Although the village of REINICKENDORF was first mentioned in
1375, it only gained independent status in 1852, and in 1920 was
incorporated into Greater Berlin. The suburb marks the further
northwards march of the Berlin suburbs in the later stages of
the Industrial Revolution. The great engineer Borsig relocated
his ironworks here from Mitte (Chausseestrasse) at the end of
the 19th century, and lived himself in the suburb in a neo-baroque
Here Berlin's first tower block (20 storeys) was erected in 1924,
and, in the late sixties, the vast Märkisches Viertel complex,
housing 50,000 people. More elegant examples of modern architecture
are to be found along the shore of the Tegel Lake in the housing
development designed by the Californian architect Charles Moore.
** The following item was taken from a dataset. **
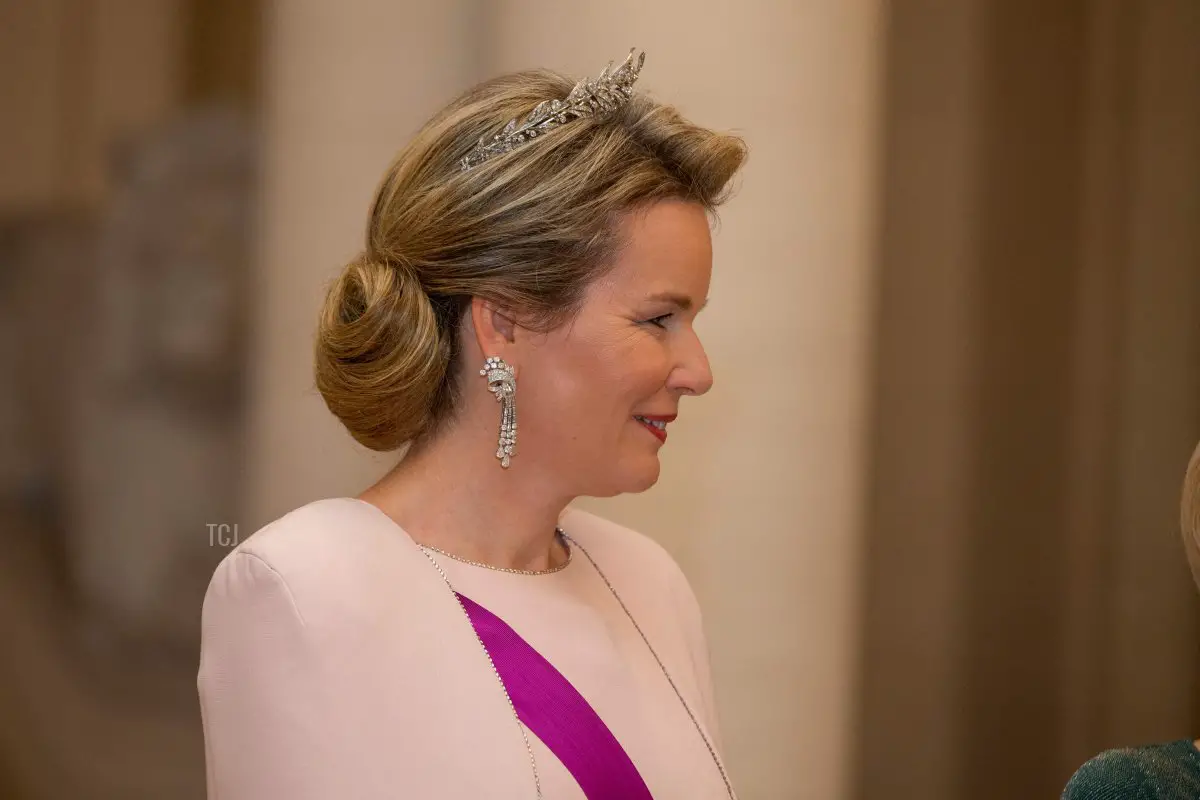 La regina Mathilde del Belgio ritratta durante un banchetto di Stato al Palazzo durante una visita ufficiale del Presidente della Confederazione Svizzera, giovedì 24 novembre 2022, a Bruxelles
During the Berlin Airlift when the Soviet Government of East
Berlin deprived the Western half of the city of fuel and food
supplies, which had to be flown in by American planes from Frankfurt,
Berlin's biggest Airport was built - Tegel. The village Tegel
also gives its name to Schloss Tegel on the Tegeler See, through
which the Havel river flows. A masterpiece by the architect Schinkel,
the building was owned from 1765 by the Humboldt family, which
produced the gifted brothers Alexander and Wilhelm (who gave their
name, in turn, to the Berlin University). The marble statues and
fountain, an extensive library, the Blue Salon and the landscaped
gardens stretching down to the lake with its seven small islands
make the stately home a must.
The village churches of Alt-Wittenau and Alt-Reinickendorf are
oases of calm in an otherwise busy suburb, both surrounded by
traces of older housing typical of Brandenburg village life in
the 19th century.
Reinickendorf is served by the U6, U8 and the S-Bahn.